**Work task**
Given the records underneath, please repeat exactly the lines from the line with "Louis Philippe Mahogany" through the line with "Elbaflex, Zeiss Ikon", passing over any picture.

**Entries shown**
_____

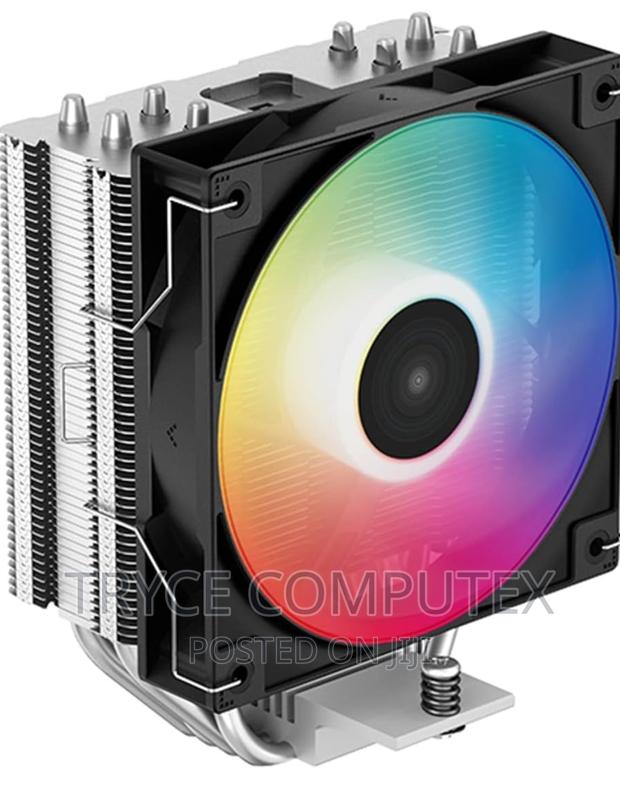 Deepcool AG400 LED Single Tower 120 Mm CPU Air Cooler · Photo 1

_____

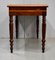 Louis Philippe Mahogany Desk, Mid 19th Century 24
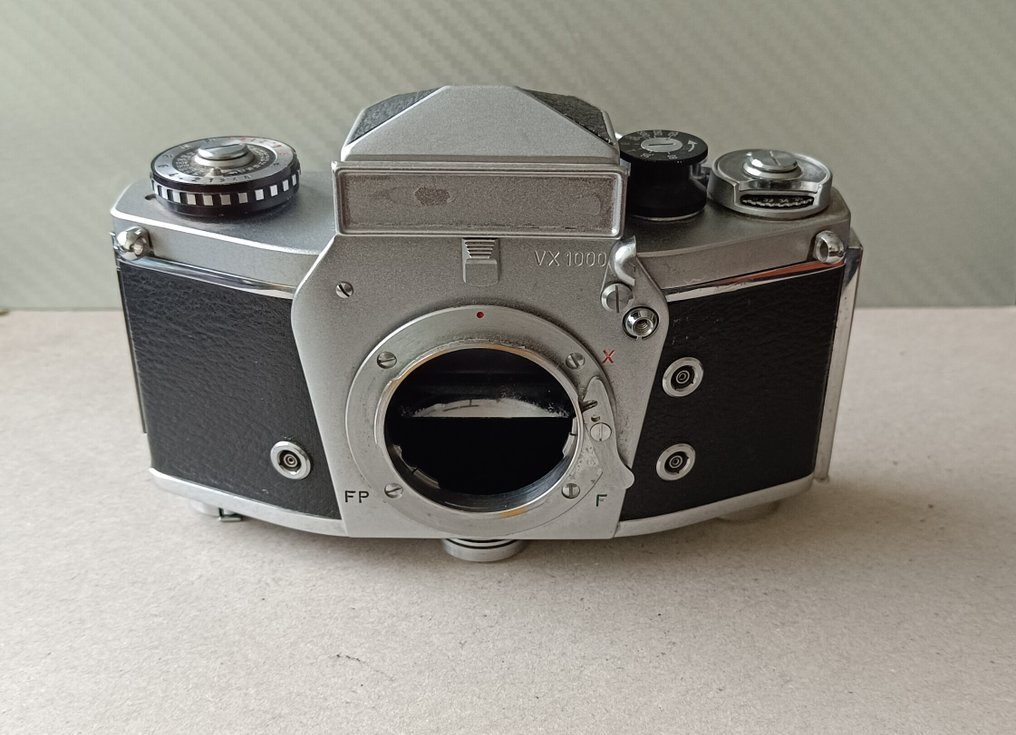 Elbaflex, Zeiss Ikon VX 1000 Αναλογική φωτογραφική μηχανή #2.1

_____

**Answer box**
 Louis Philippe Mahogany Desk, Mid 19th Century 24
 Elbaflex, Zeiss Ikon VX 1000 Αναλογική φωτογραφική μηχανή #2.1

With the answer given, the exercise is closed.